Monday, September 5, 2011

Stepping out

254:

I’m always reminded of Alice’s (in Wonderland) surprise when she steps into another world inhabited by strange beings and they don’t respond to her as she expects - it reminds me of the general human obstinacy to obvious answers. It reminds me of people suffering unnecessarily just to preserve the rightness of what they do.
In our world all the obvious answers seem to be staring us in the face but most people refuse to see them because they’re afraid of change. They don’t want to risk something they don’t fully understand, which even seems too ridiculously simple to work. I don’t mean economic problems which governments have to solve or huge global problems that can only be solved when everyone acts together. And I don’t mean standing up to danger and martyring ourselves for a principle. I mean something we can do at home which will transform our own lives and eventually set a global trend.

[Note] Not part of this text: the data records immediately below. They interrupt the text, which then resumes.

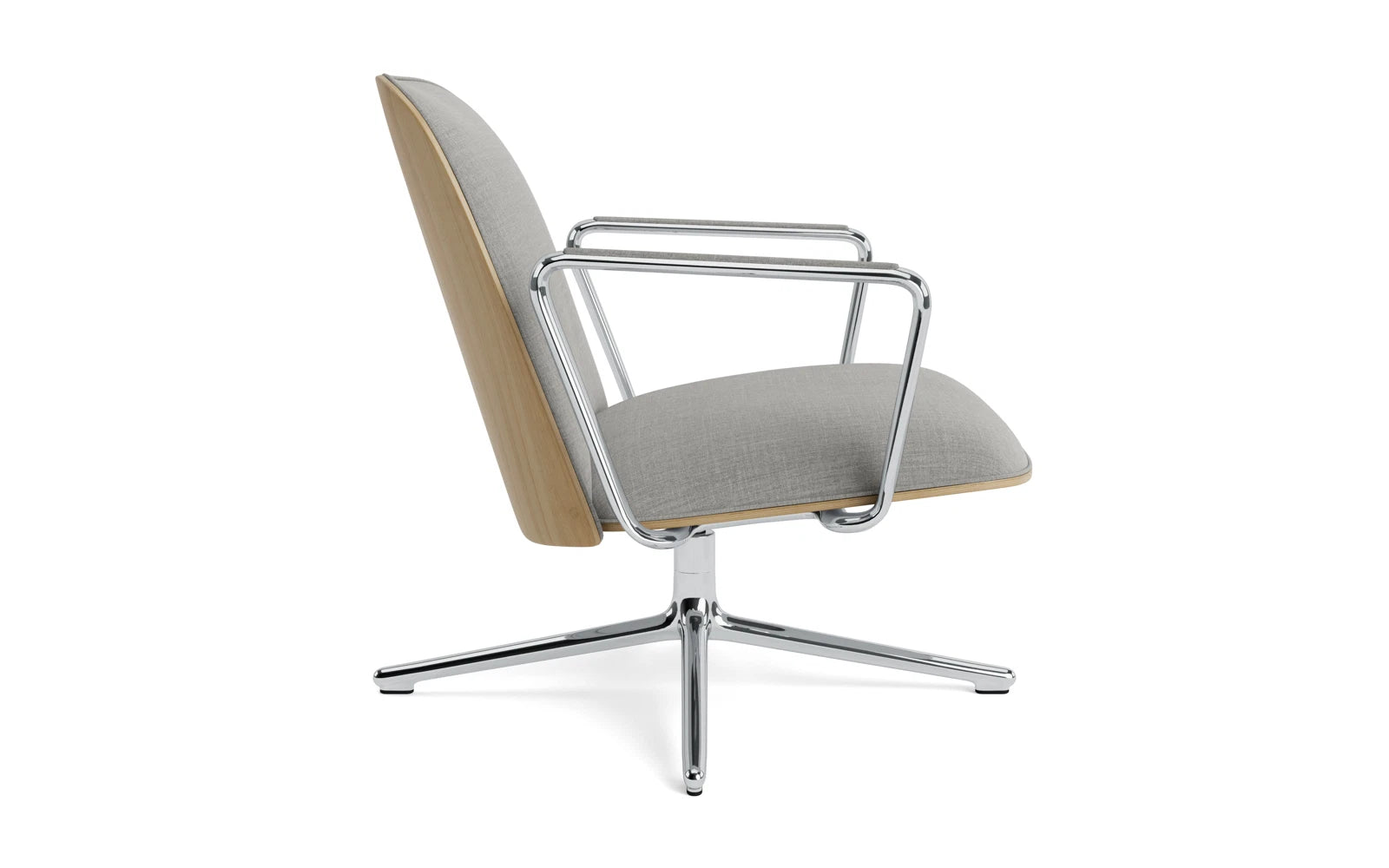 Erleben Sie den stilvollen Pad Lounge-Sessel niedrig mit Drehgestell aus Aluminium und Eiche/Remix von Normann Copenhagen – die perfekte Symbiose aus Eleganz und Bequemlichkeit.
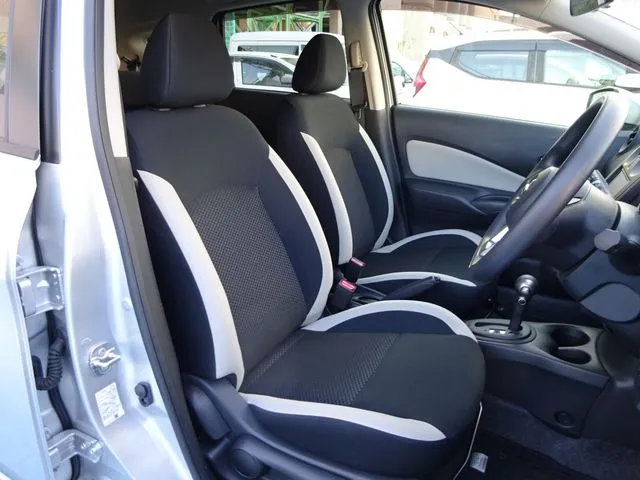 ニッサン ノート 4WD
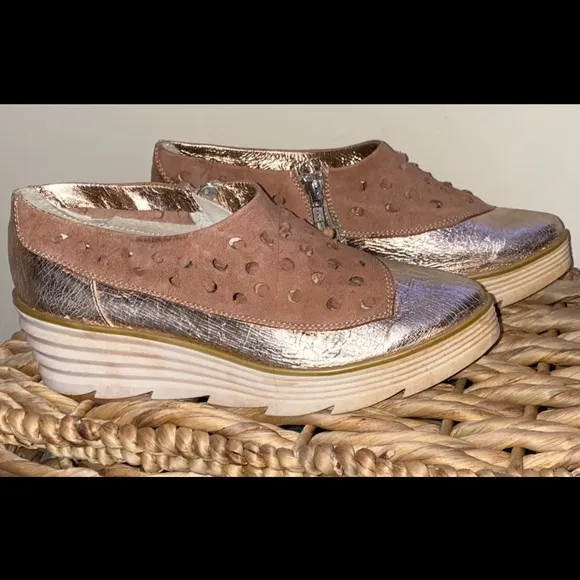 Papucei Platform loafers Brown metallic antique gold leather Shoes Extravagant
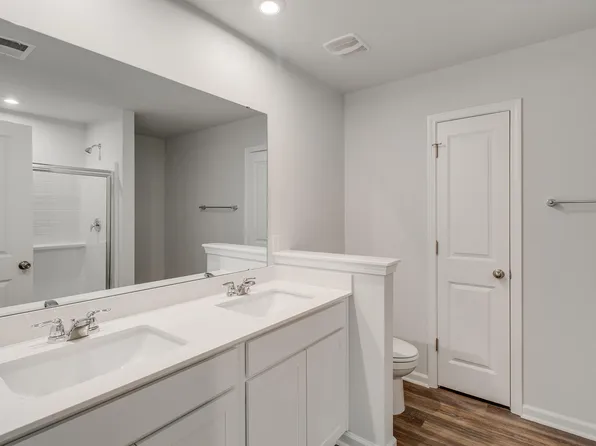 157 W Bradford Pointe Dr, Summerville, SC 29486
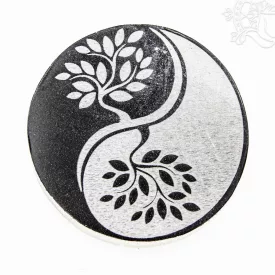   Szelenit kristály korong Yin–Yang fa motívummal – 10 cm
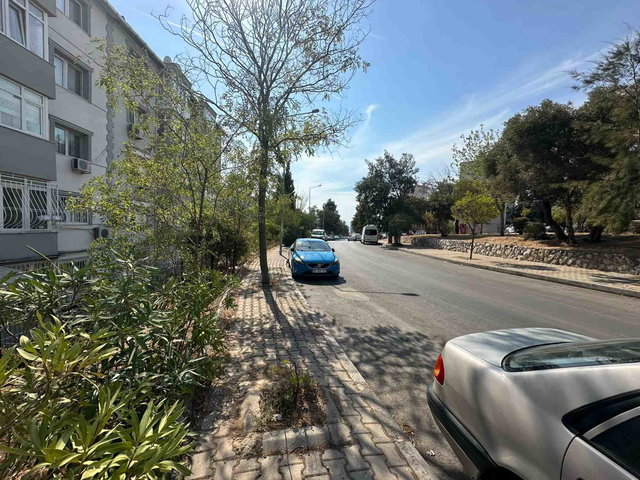 BORNOVA EVKA-3’TE CADDE ÜZERINDE SATILIK GENIŞ VE KULLANIŞLI 2+1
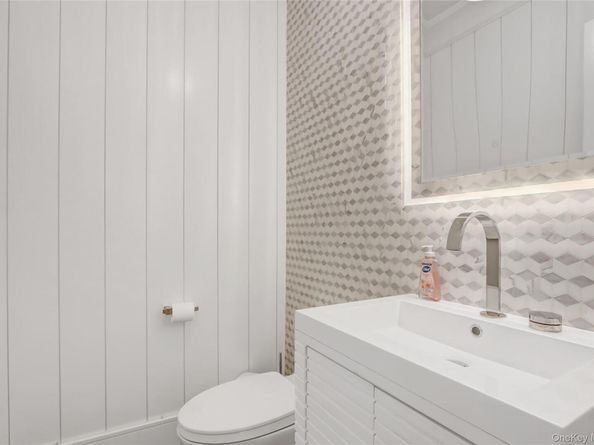 44 Bayside Drive, Point Lookout NY 11569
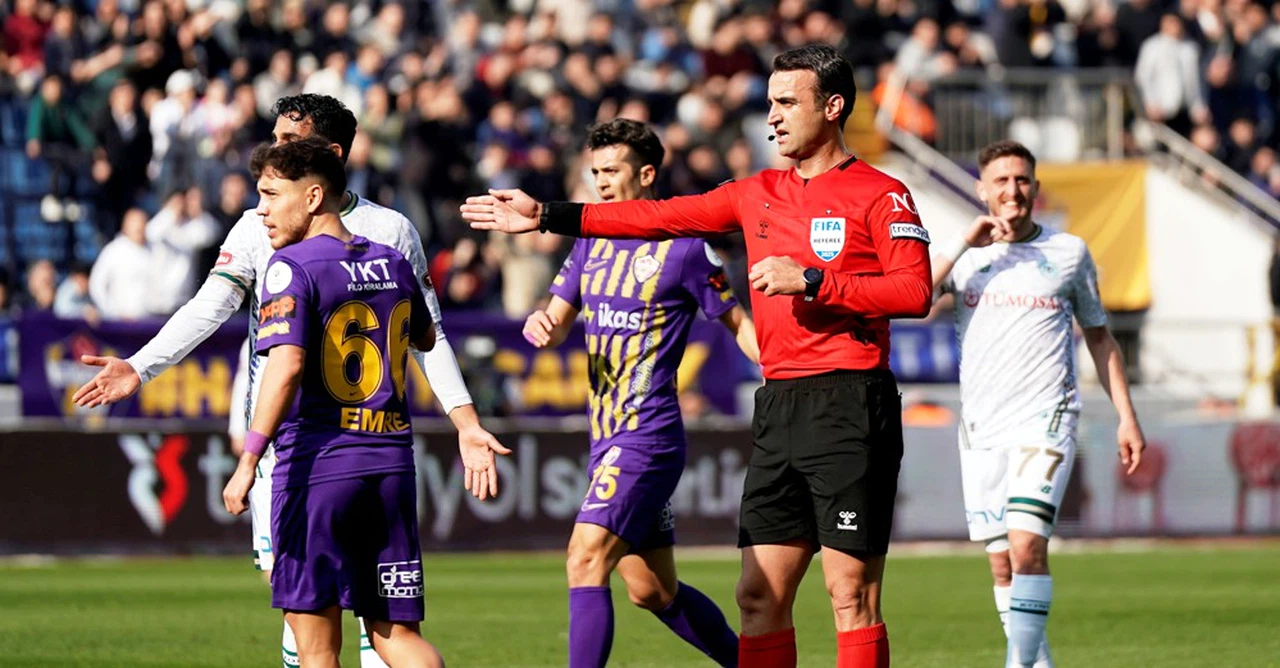 Konyaspor - Alanyaspor maçının hakemi açıklandı! İşte kritik haftada hakemler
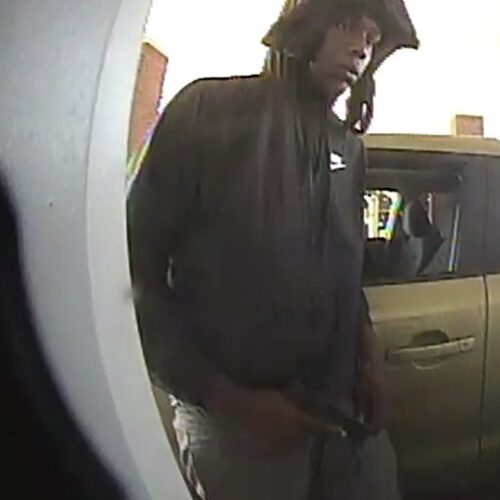 조심하세요! ATM 근처에서 강도 사건 자주 일어나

Vegans, acting at first out of raw outrage, take something from an unfamiliar dimension and install it as a routine in their own lives. The boycott a vegan installs is ridiculed and often causes friction with family and friends, but when the instinct is strong (and, for most vegans, it’s a gut feeling we have), when something is fundamentally wrong, there’s an overwhelming urge to act.
In the great lucky-dip of life, the luckiest one is becoming convinced of the truth of non-violence. By applying that principle (avoiding gratuitous violence) it’s likely we’ll start to get lucky, according to the law of just returns - that what goes around comes around, good karma, etc. I’m superstitious about violence and dishonesty, so I believe that if you give it out you get it back, and if you don’t do it, it can’t touch you. It appeals to my simple view of life, that I can tailor my life so the unnecessary ‘horribles’ aren’t invited in.

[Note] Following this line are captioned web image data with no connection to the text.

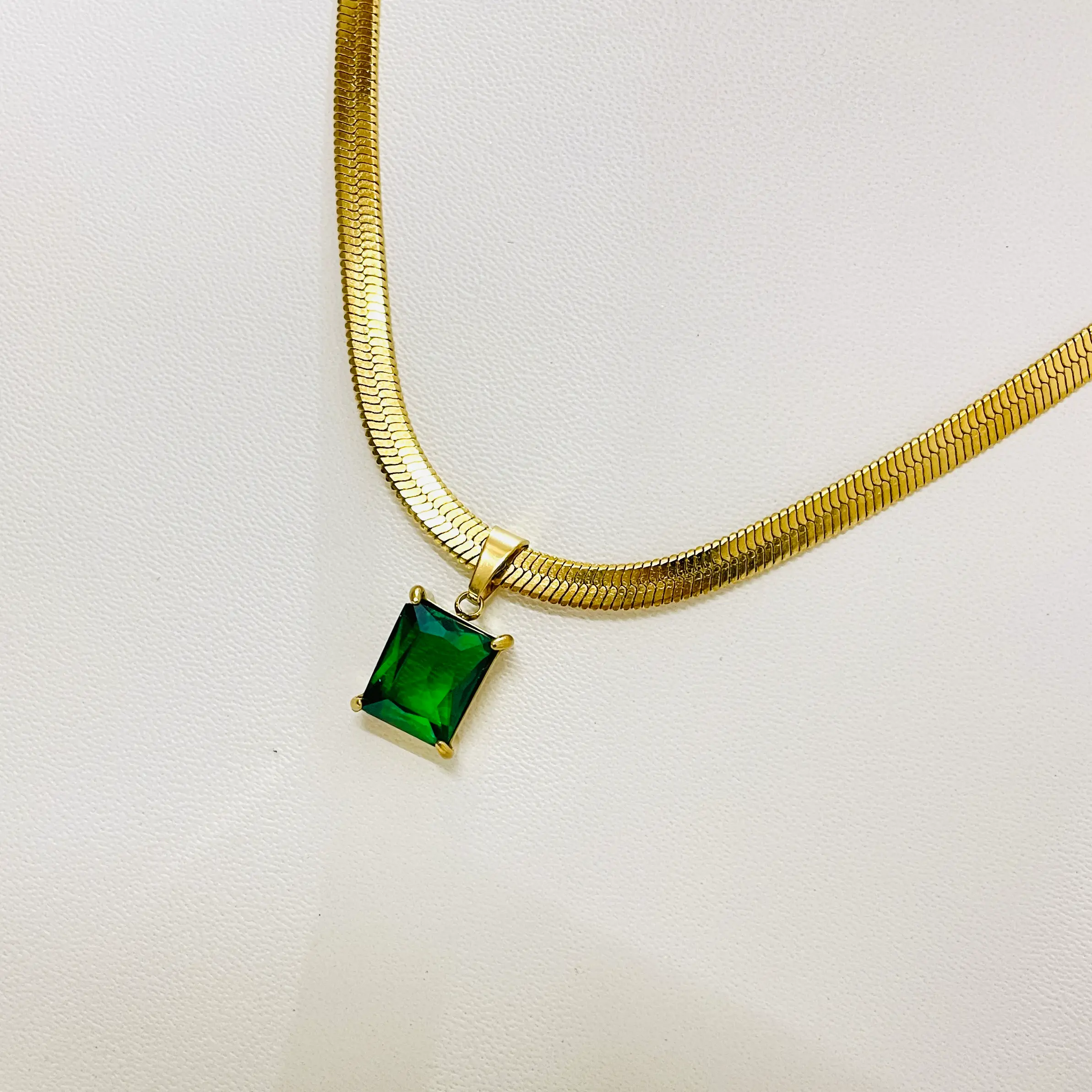 Emerald Green Diamond Cut Necklace - Image 2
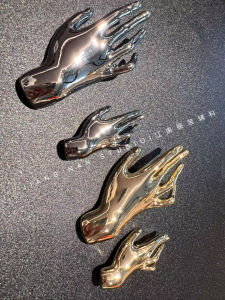 เข็มกลัดทรงมือสองสีพรีเมี่ยม เข็มกลัดตกแต่งสำหรับเสื้อสูทแบบยูนิเซ็กซ์ ผ้าขนสัตว์ ปุ่มตกแต่ง เครื่องประดับแฟชั่น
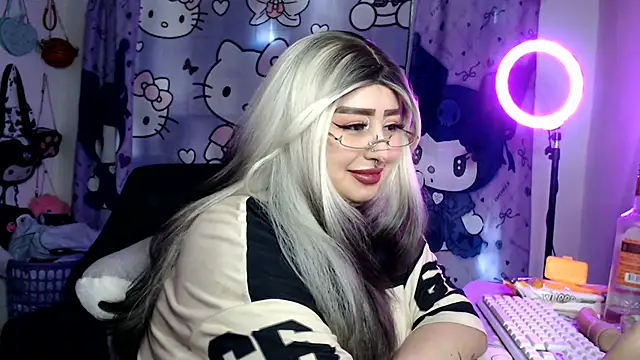 Chat XXX en directo de lussyevans24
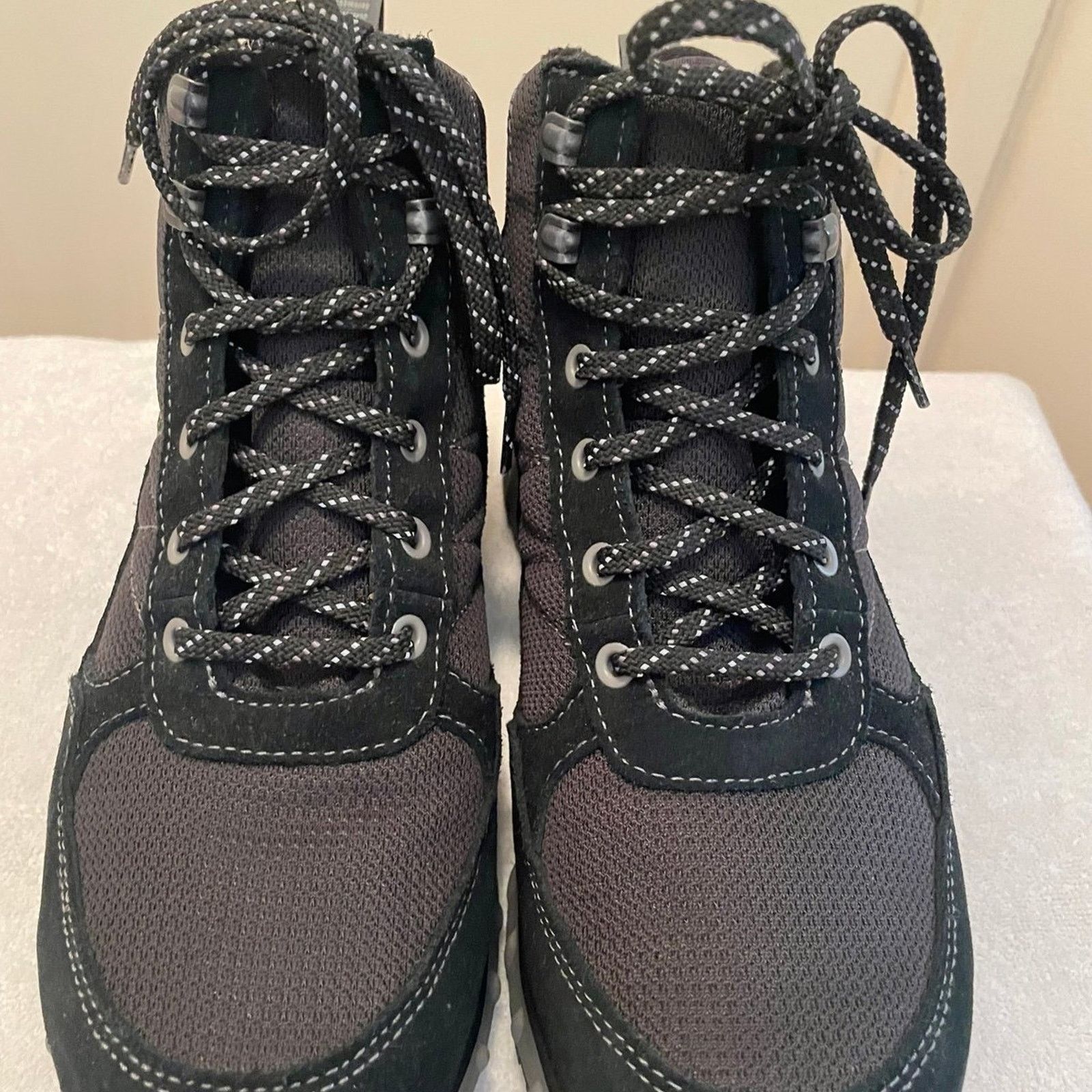 L.L. Bean L.L. Bean Snow Sneaker 5 Boots Size US 8 / EU 41 - 3 Thumbnail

To non-vegans, who haven’t looked at things this way, it mightn’t seem significant enough, or not likely to be effective enough. So they blunder on and get rough treatment back - you can invest in a peace-deal or allow chaos to take a hold.

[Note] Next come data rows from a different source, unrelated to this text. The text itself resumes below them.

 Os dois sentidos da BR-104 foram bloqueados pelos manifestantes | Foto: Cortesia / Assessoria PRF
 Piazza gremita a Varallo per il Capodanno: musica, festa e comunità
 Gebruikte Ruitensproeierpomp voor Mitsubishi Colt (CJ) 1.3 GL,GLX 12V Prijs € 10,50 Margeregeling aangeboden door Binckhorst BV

Some say “life is too short to worry about such details”. Why be bothered with the trivial details vegans worry about ... which is why vegans themselves need to explain why vegan principle is so central to the future sustainability of the planet. And it’s why I think that ‘holding firmly to the truth’ (or Ghandi’s idea of the “force which is born of truth and love or non-violence”) is so important. It has certainly transformed many people’s lives for the better, mine included. But the obstinacy ‘out there’, amongst most people who do what they’ve always done, for them nothing like this has happened to them - nothing has been transformed and so no one principle is capable of making a transformative change ... so they stick with what they know and help to perpetuate the very violence which is killing the human spirit.
Vegan arguments emphasise the importance of not being cruel to weak beings or destructive of beautiful things or wasteful of earthly bounties. If vegans are going to influence others we can’t just glow and be beheld, we have to argue our case hard and show by our own behaviour and an anti-bullying, anti-exploitative approach, that we have the tools to convince with.